Quizlet

There are some investments that take years to make. They are often our best investments. Quizlet took something like five years to go from a company we got interested in to a USV investment.

In March 2009, we hosted an event we called Hacking Education. That was the official start of our focus on education. From that event came a thesis on how we would approach investing in education. We would invest in lightweight services and networks that allowed anyone to learn anything. We would not invest in services sold top down to the existing K-12 and higher education system. We wanted to obliterate, not automate.

We started hunting around for services and networks that fit our thesis. One that caught our attention was Quizlet, the leading web and mobile studying tool. We got an intro through Christina. Eventually Andy got a meeting. We found out that Quizlet had been bootstrapped, was profitable, and was not interested in raising outside capital. But Andy did not take no for an answer. He kept calling on them. He brought me to meet the two Quizlet leaders, Andrew and Dave, in September 2012. We got the same story in that meeting but we did make an impression. We started inviting them to our events in SF and they usually would come. So we kept doing that and kept stoping by to say hi when we were in SF.

Earlier this year Dave called me to say that they were going to raise outside capital. He and Andrew had concluded that the opportunity to build and develop peer to peer learning and studying tools for web and mobile was so large that they could not continue to bootstrap. So we jumped onto the opportunity and threw ourselves at it. That process had a number of fits and starts but we hung in there and eventually the financing came together the way Andrew and Dave wanted it to and we joined our friends at Costanoa, Altos, and Owl in a $12mm Series A round for a ten year old company. Just writing those last few words makes me happy. You don’t see many Series A rounds for ten year old companies. But when you do, they are generally good ones to do.

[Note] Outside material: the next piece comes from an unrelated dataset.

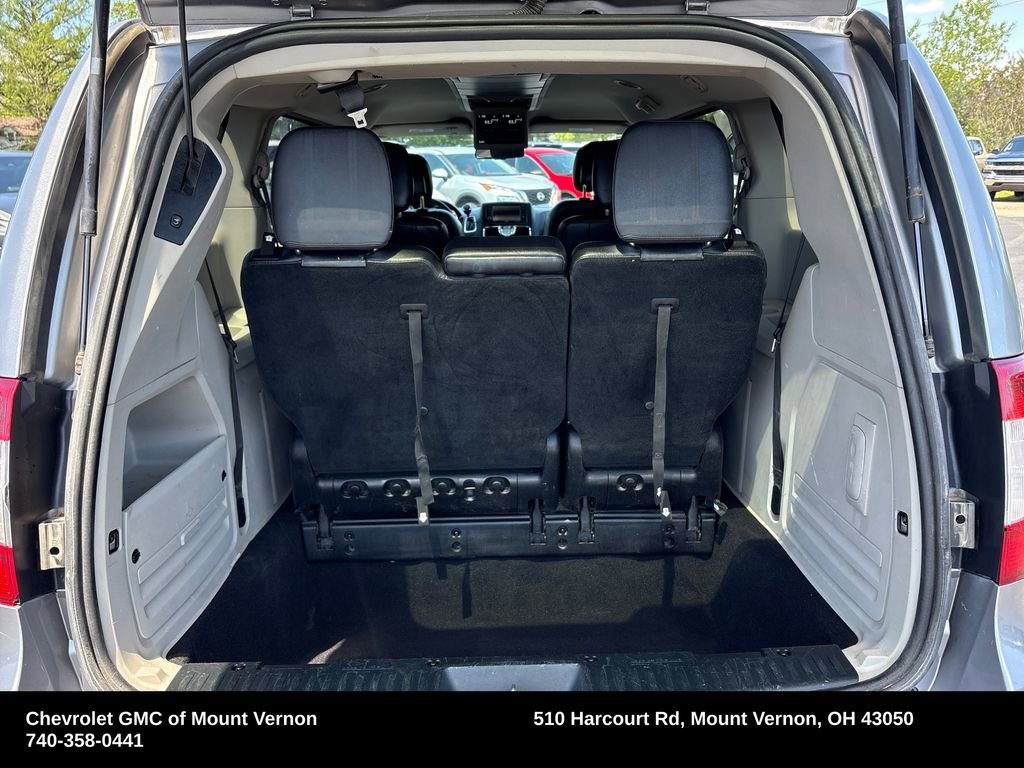 Used 2013 Chrysler Town & Country Touring FWD image 26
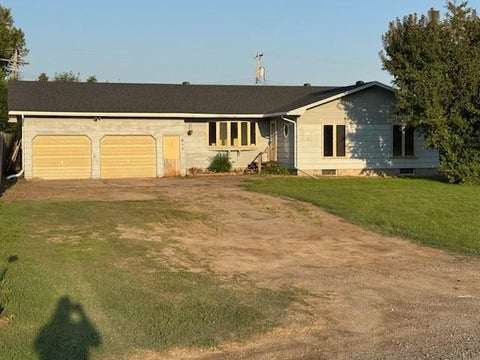 Homes For Sale - 608 Pacific Avenue<br/> Grand Forks County, Thompson, ND 58278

So what is Quizlet? Well if you have kids in middle, high school, or college, they probably use it. Quizlet is a studying/learning tool written by Andrew Sutherland for his own use ten years ago when he was studying for a french test. He put it out on the web a bit later. He was joined by Dave Margulius who helped him turn Quizlet into a business by implementing an elegant freemium business model. Quizlet is free for anyone to use. But if you want to do certain higher value things, you can pay a small amount every month for access to them.

Quizlet lets anyone create a study set and practice it online and on mobile. And it also allows anyone to use someone else’s study set. Quizlet is peer to peer learning. Over 100mm study sets have been created by users and over 1bn study sessions have been done on Quizlet. Quizlet has been a top ten education app in the mobile app stores for years, a fact I was constantly reminded of every time I went to look at the education category in the years we were chasing this investment.

Here are some examples I just found by searching around:

Just imagine a massively open database of 100mm study sets like that which is growing by the day. And you get why we have been and continue to be so interested in Quizlet.

There are over 7bn learners on planet earth. Within a decade, the vast majority of them will have a mobile device connected to this massively open database of study set which is available for free. These 7bn learners will be able to contribute and consume these study sets. And in the process the world will become more educated and more literate. That is hacking education and that is why USV is so excited to, finally, be an investor in Quizlet.